Nada más cruzar el umbral, una repentina luz cenital iluminó una butaca giratoria ubicada en el centro del recinto, equidistante de cada uno de los comisarios. Sin necesidad de recibir instrucciones, supo que debía sentarse allí. Cuando lo hizo, le pareció sentir que una vibración hacía oscilar ligeramente la butaca sin que él pudiera hacer nada por evitarlo. Para su extrañeza, el suelo que estaba mirando se distanciaba cada vez más de él. Oyó que alguien empezaba a hablarle.

–¿Sabes quién eres, hermano?

Él levantó la vista intentando identificar quién lo interrogaba, pero en ese momento nadie pronunciaba palabra alguna. Se preguntaba a cuál de aquellos seres de aspecto andrógino le cuadraría mejor la voz masculina grave, pero al mismo tiempo aterciopelada, que acababa de escuchar. Sendas columnas de luz cálida descendieron con suavidad sobre los cinco comisarios situados enfrente. Su desconcertante apariencia, simultáneamente masculina y femenina, absorbía la atención de Anselmo provocando una súbita desaparición de la resistencia con la que había entrado en la sala, como si le hubieran acertado de pleno con un dardo tranquilizante. Enseguida se aprestó a contestar con amabilidad.

–Sí. Anselmo Paredes. –Y aprovechó para pedir explicaciones–. Pero no sé qué hago aquí, no sé por qué me han traído…

Los miembros del tribunal no parecían mostrar extrañeza alguna. El que lo interrogaba prosiguió.

–Muy bien, Anselmo, te damos la bienvenida.

Pero Anselmo estaba estupefacto: había oído con total nitidez la voz de aquel ser embutido en su túnica blanca, mientras lo miraba fijamente ¡y sin embargo no había visto que moviera sus labios ni un ápice! El interrogador no tardó en sacar de dudas al interrogado. Parecía estar leyéndole el pensamiento.

–Sí, te estoy hablando yo. No te extrañe que no mueva los labios. Ya no lo necesitamos... Estamos manteniendo una conversación telepática.

–¿Una qué…? –el asombro de Anselmo iba en aumento según se estaba percatando de que, aunque él mismo no estaba abriendo la boca, también se podía escuchar su propia voz–. ¿Una conversación…?

–Ya veo que te estás empezando a dar cuenta de que tú también te comunicas a través de la mente. Muchos regresados seguís moviendo los labios por costumbre, como tú ahora, pero en realidad ya no lo necesitáis.

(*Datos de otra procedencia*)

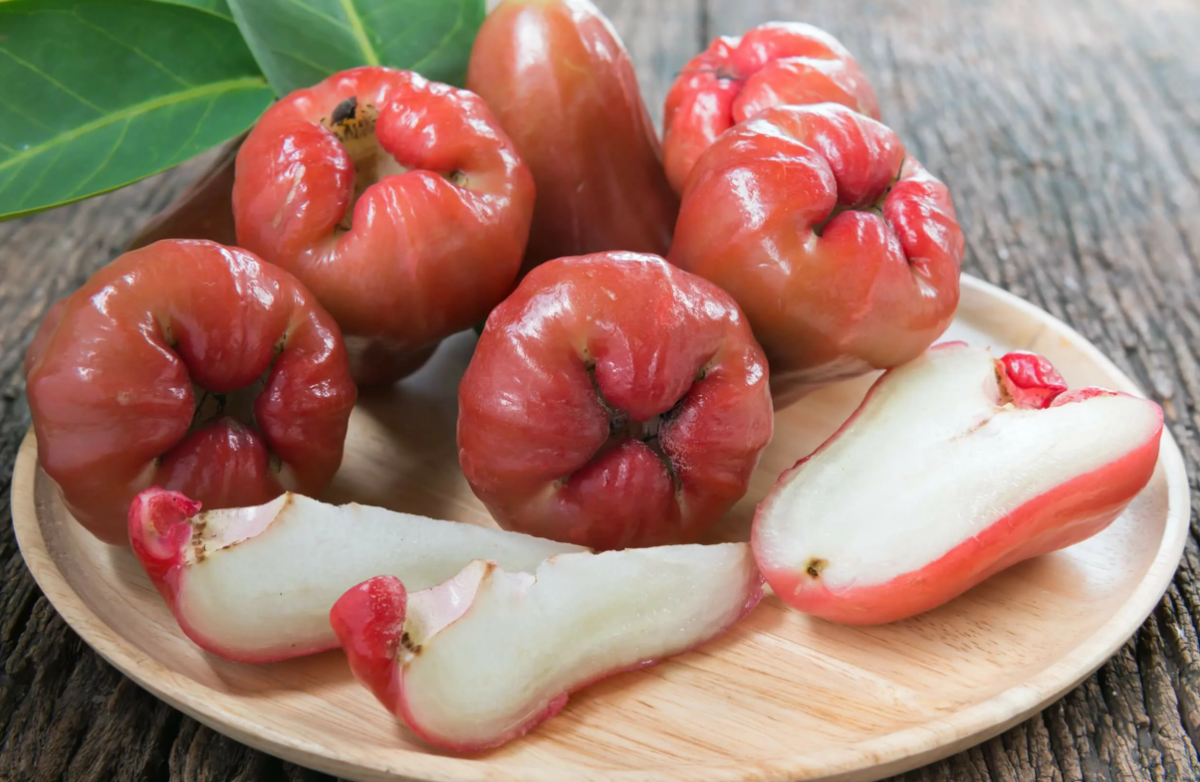 Jambo okx. Jambu фрукт. Jambu фрукт джамбо. Тайское яблоко Чомпу. Чомпу- малабарская слива- розовое яблоко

–¿«Regresados»? ¿Pero regresados a dónde? –Anselmo estaba empezando a impacientarse.

–Al Cielo, por supuesto.

–¿Cómo que al Cielo? ¡Eh, un momento! –Anselmo se miró las manos y vio la alianza que Brígida le había colocado el día de la boda y reconoció el mono de color caqui, desgastado por tantas horas de trabajo a los mandos de la grúa del almacén de superfosfatos, y se vio las botas polvorientas con las que había salido de su casa por la mañana–. Esto es una broma, ¿verdad?

–Me temo que no... Estás en el Cielo, Anselmo.

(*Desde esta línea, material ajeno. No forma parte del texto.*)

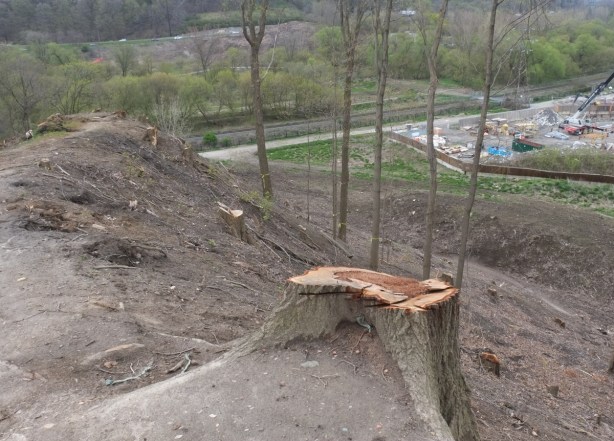 large tree stump in a patch of forest that has just been clear cut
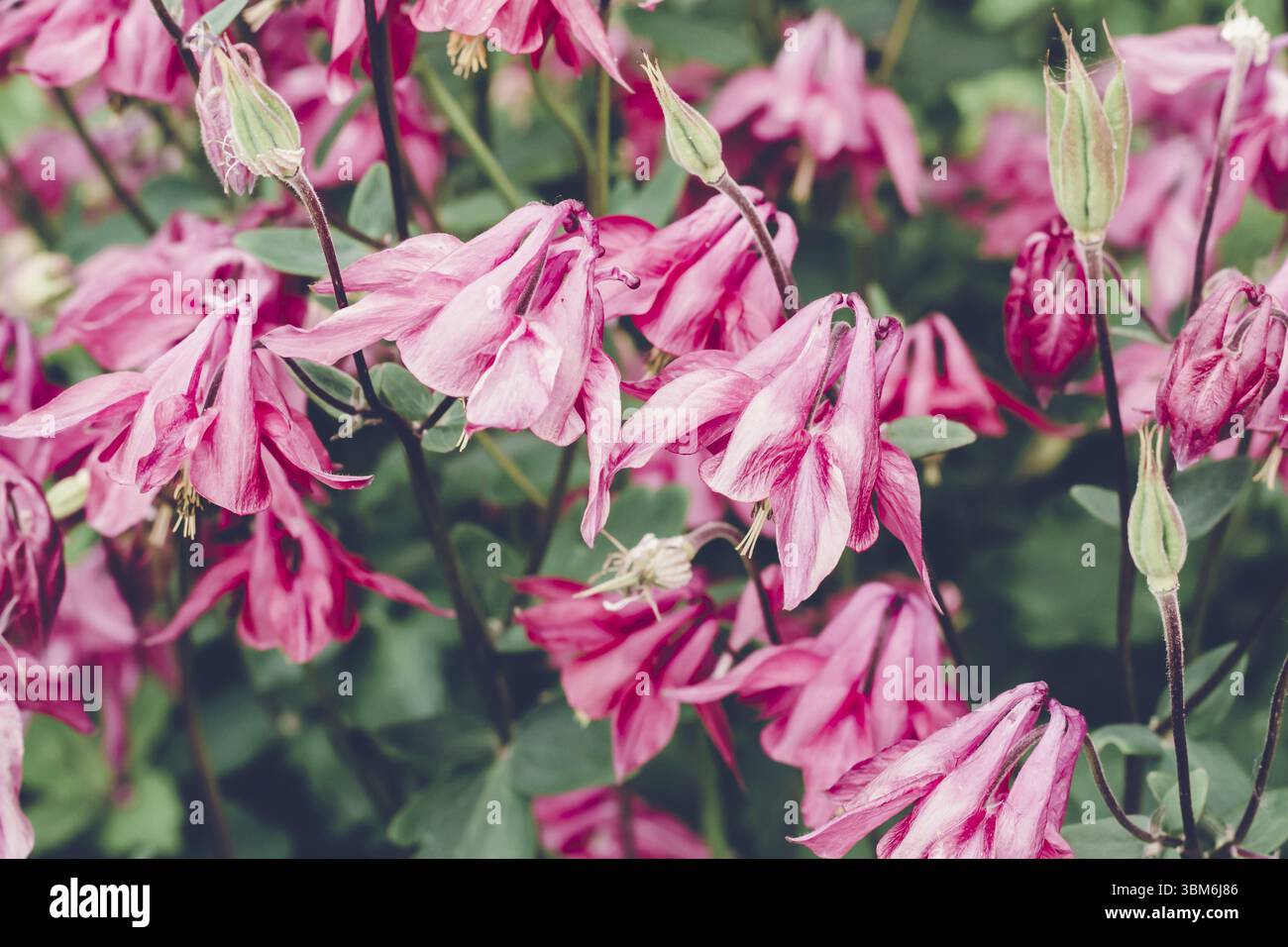 Fleurs aquilegia rose en fleurs. Belle scène de la nature. Couleurs vives Moody Banque D'Images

–¡Qué tontería! ¿Cómo voy a estar en el Cielo? ¡Para estar en el Cielo tendría que estar muerto! –Anselmo creía en la irrefutabilidad de su argumento y por eso sonreía ufano, mostrando un rictus jalonado por una cierta dosis de cinismo.

–Exacto. Tú lo has dicho –concedió el comisario–: estás muerto.

–¡Pero no puede ser! –la sonrisa desapareció bruscamente del semblante del hombre, que empezó a palparse el cuerpo con angustia–. Me encuentro bien y estoy respirando, y no me noto nada raro… Es verdad que no me acuerdo muy bien de las últimas horas pero supongo que esto es algo momentáneo y que ya se me pasará…

–De nuevo tienes razón, hermano: pasará –el comisario había apostillado esa frase con ánimo de que Anselmo rebajara su tensión mental; por eso se ofreció a sacarlo de su amnesia con una propuesta–. ¿Quieres que te ayudemos a recordar tus horas previas, las últimas horas que viviste siendo realmente quien aún crees ser?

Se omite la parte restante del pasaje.